Entwurf für Wahlrechtsreform: Weg vom XXL-Bundestag
Das Parlament soll wieder auf sein Normalmaß schrumpfen. Ein Gesetzentwurf von Rot-Grün-Gelb sieht künftig 598 statt der derzeit 736 Abgeordneten vor.
Der Gesetzentwurf von SPD, Grünen und FDP sieht nun vor, dass es künftig keine Überhang- und Ausgleichsmandate mehr geben soll. Dies kann zur Folge haben, dass in einem Wahlkreis direkt gewählte Abgeordnete keinen Sitz im Bundestag erhalten werden.
Die Vorsitzenden der Ampel-Fraktionen im Bundestag schickten den Gesetzentwurf am Sonntag an CDU/CSU-Fraktionschef Friedrich Merz (CDU). In einem Schreiben boten sie Gespräche darüber an. „Die Fraktionen der demokratischen Mitte eint, eine massive Vergrößerung des Bundestages über seine gesetzliche Regelgröße für zukünftige Bundestagswahlen vermeiden zu wollen“, heißt es darin. „Deshalb möchten wir für die nächste Bundestagswahl eine Lösung finden, die breit getragen werden kann.“ Brief und Gesetzentwurf liegen der Deutschen Presse-Agentur in Berlin vor.
Überhangmandate entstehen, wenn eine Partei über die Erststimmen mehr Mandate erringt, als ihr nach dem Zweitstimmenergebnis zustehen. Diese zusätzlichen Mandate darf die Partei behalten. Die anderen Parteien erhalten dafür Ausgleichsmandate.
Aktuell ist der Bundestag eines der größten Parlamente der Welt. Nach dem Gesetzentwurf bleibt es bei der bisherigen Einteilung in 299 Wahlkreise und bei zwei Stimmen, die jede Wählerin und jeder Wähler vergeben kann. Für die Sitzverteilung im Bundestag sollen künftig allein die Zweitstimmen ausschlaggebend sein. Sie werden im Entwurf „Hauptstimmen“ genannt, die Erststimmen heißen „Wahlkreisstimmen“.
Über das Hauptstimmenergebnis wird berechnet, wie viele der 598 Mandate jeder Partei bundesweit zustehen und wie sich diese auf die einzelnen Landeslisten verteilen. Gewinnt eine Partei weniger Wahlkreise direkt, als ihr Mandate zustehen, werden die restlichen Mandate über die Liste verteilt.
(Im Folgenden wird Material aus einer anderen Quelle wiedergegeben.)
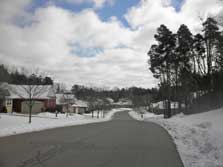 street view and towering pines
Gewinnt sie aber mehr Wahlkreise direkt, als Sitze nach dem Hauptstimmenergebnis auf sie entfallen, gehen die Kandidatinnen und Kandidaten mit dem schlechtesten Wahlkreisstimmenergebnis leer aus. „Die erfolgreiche Kandidatur im Wahlkreis setzt also künftig neben der relativen Mehrheit eine Deckung durch Hauptstimmen voraus“, heißt es dazu im Gesetzentwurf.
Der Verzicht auf Überhang- und Ausgleichsmandate würde alle Parteien treffen. Bei der Bundestagswahl 2021 gab es davon 138. Davon entfielen auf die Union 41, auf die SPD 36, auf die Grünen 24, auf die FDP 16, auf die AfD 14 und auf die Linke 7.
Der Gesetzentwurf soll in dieser Woche von den Fraktionen beraten werden. Er dürfte auch in den Reihen der Ampel nicht auf ungeteilte Zustimmung stoßen, weil sich Abgeordnete ausrechnen können, dass sie mit den neuen Regeln bei der nächsten Wahl ihr Mandat verlieren werden.
Noch größer dürfte der Widerstand bei der Union werden. CDU und vor allem CSU haben in den vergangenen beiden Legislaturperioden eine wirksame Wahlrechtsreform verhindert, weil sie von den geltenden Regelungen am meisten profitierten. Sie ließen sogar Reformversuche der Bundestagspräsidenten Norbert Lammert und Wolfgang Schäuble (beide CDU) ins Leere laufen.
„Die Zeit der Ausreden für eine echte Wahlrechtsreform muss vorbei sein. Der Deutsche Bundestag muss kleiner werden“, sagte am Sonntag Konstantin Kuhle, der Obmann der FDP in der Bundestags-Kommission zur Reform des Wahlrechts und zur Modernisierung der Parlamentsarbeit. Die Ampel-Fraktionen zeigten hierfür jetzt einen Weg auf und machten der Union ein konkretes Gesprächsangebot. „Wir wollen, dass eine Reform des Bundestagswahlrechts von einer breiten Mehrheit des Parlaments beschlossen wird, um die Akzeptanz des neuen Wahlrechts sicher zu stellen“, betonte Kuhle.